THE PROBLEM:
Leave out the pictures and output exactly the lines below from the one with "Foto de Venta" down to the one with "Couples: do you", both of them included.

TASK INPUT:
● ● ● ●
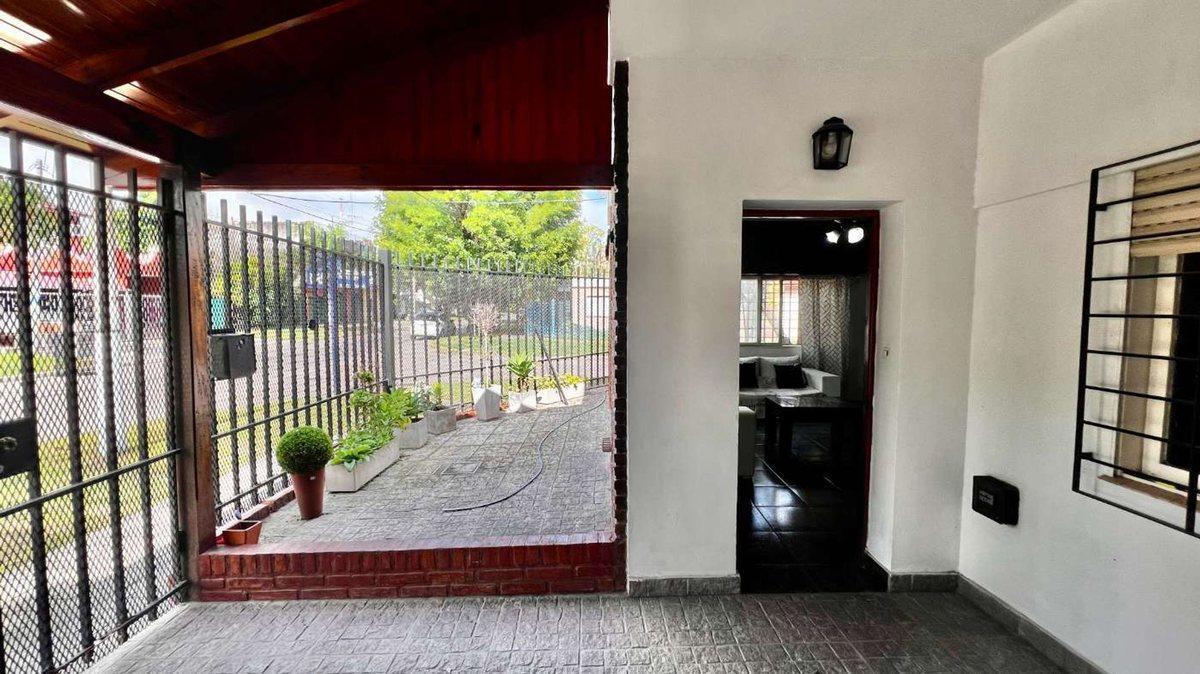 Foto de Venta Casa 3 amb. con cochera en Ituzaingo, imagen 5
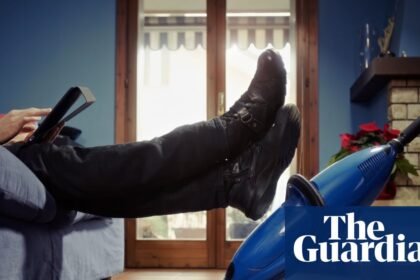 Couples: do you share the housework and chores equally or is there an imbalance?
● ● ● ●
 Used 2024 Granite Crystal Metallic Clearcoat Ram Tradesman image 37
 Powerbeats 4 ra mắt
● ● ● ●
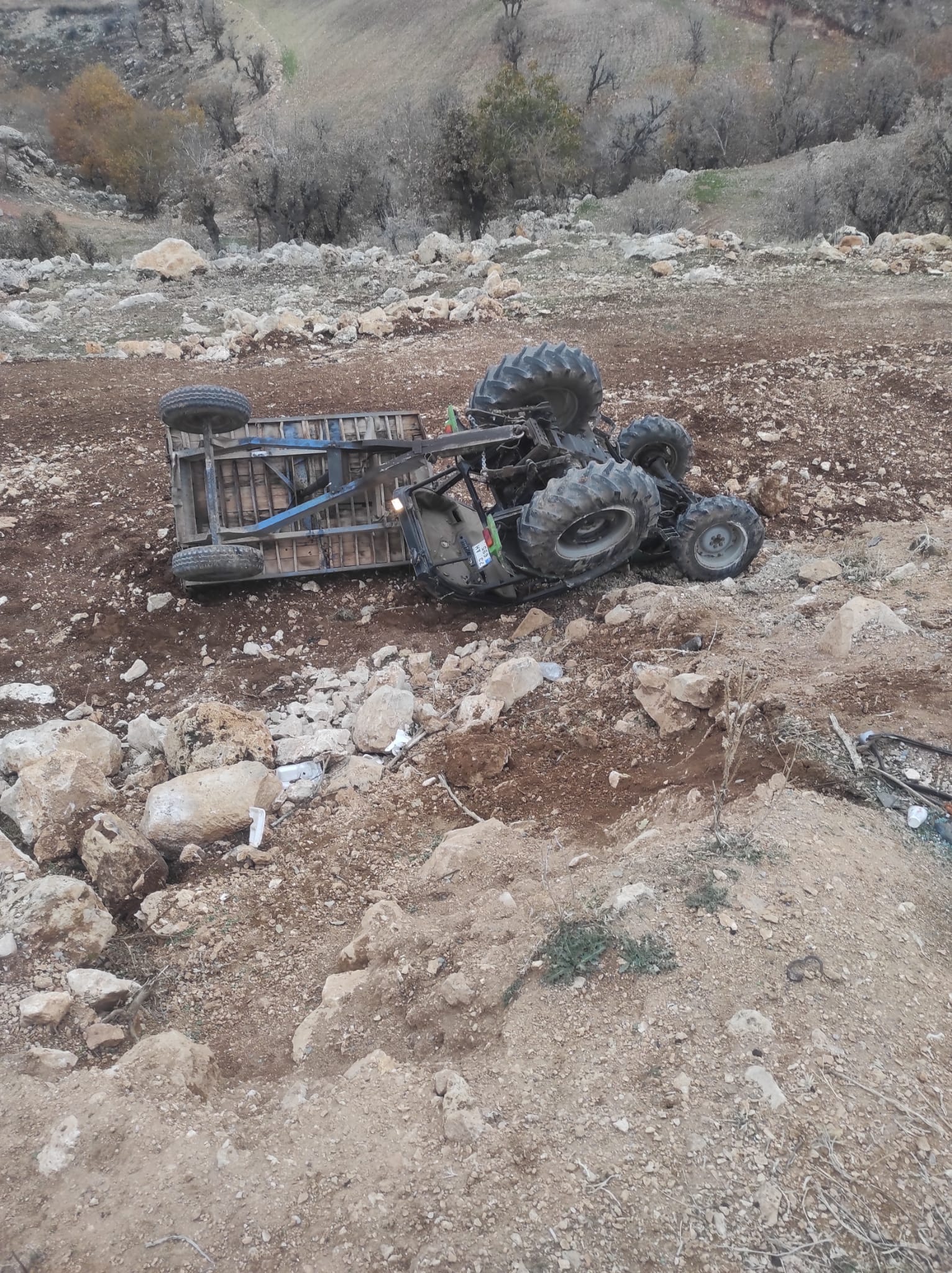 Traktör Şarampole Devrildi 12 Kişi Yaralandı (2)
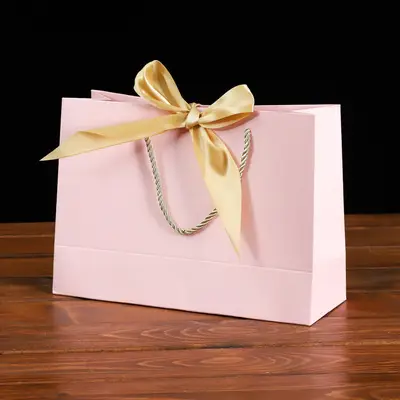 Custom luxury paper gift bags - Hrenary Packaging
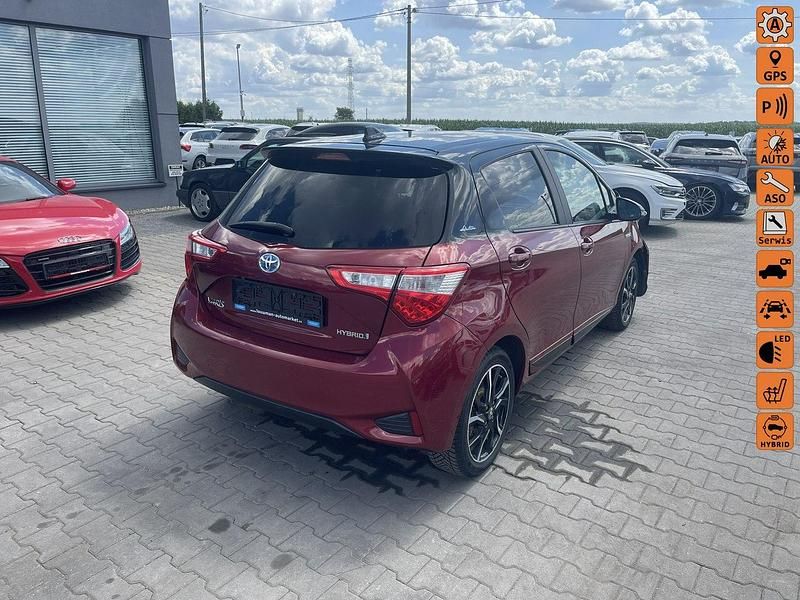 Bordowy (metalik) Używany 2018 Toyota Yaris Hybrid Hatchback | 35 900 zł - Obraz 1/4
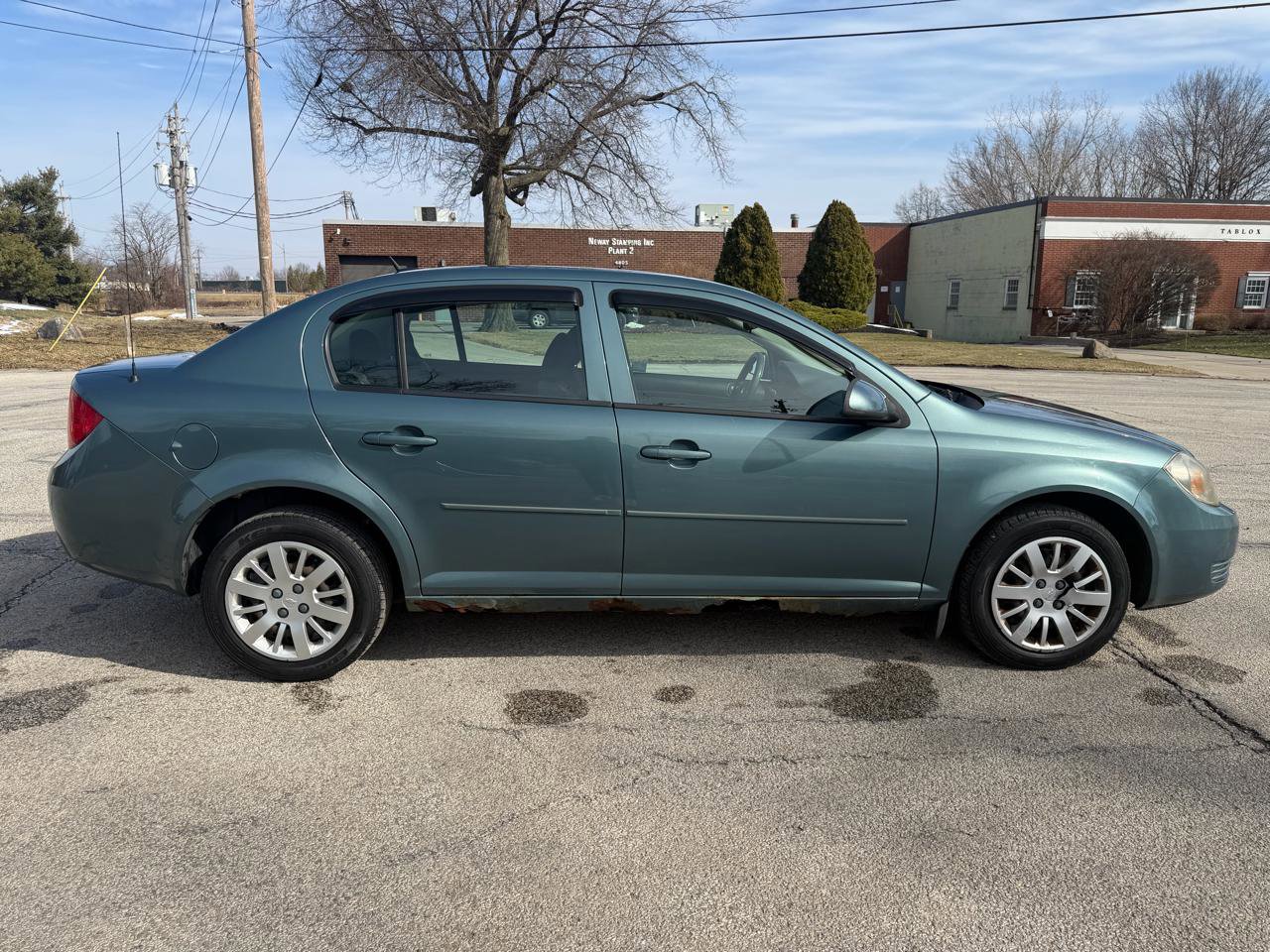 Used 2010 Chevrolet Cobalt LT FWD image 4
● ● ● ●
WRITTEN ANSWER:
 Foto de Venta Casa 3 amb. con cochera en Ituzaingo, imagen 5
 Couples: do you share the housework and chores equally or is there an imbalance?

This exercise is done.